Modify the .spec.dnsNames
to match your public master API url .
oc apply -f - <<EOF
apiVersion: cert-manager.io/v1
kind: Certificate
metadata:
name: master-apiserver-tls
namespace: openshift-config
spec:
secretName: master-apiserver-tls
dnsNames:
- api.okd.example.tld
issuerRef:
name: cloudflare-lets-encrypt-prod
kind: ClusterIssuer
group: cert-manager.io
EOF
Verify the requested certificate is saved as secret (may take a minute):
oc get secret master-apiserver-tls -n openshift-config
If the certificate isn't issued, verify the cert-manager pod logs.
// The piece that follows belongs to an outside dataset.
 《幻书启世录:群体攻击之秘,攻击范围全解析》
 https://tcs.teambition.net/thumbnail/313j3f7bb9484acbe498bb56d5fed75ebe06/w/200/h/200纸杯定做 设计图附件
When the certificate is issued successfully, configure the master api to use the new certificate. Modify the .spec.servingCerts.namedCertificates[0].names
field.
oc patch apiserver cluster --type=merge -p '{"spec":{"servingCerts": {"namedCertificates":[{"names": ["api.okd.example.tld"],"servingCertificate": {"name": "master-apiserver-tls"}}]}}}'
It might take a while until the Let's encrypt certificate is served.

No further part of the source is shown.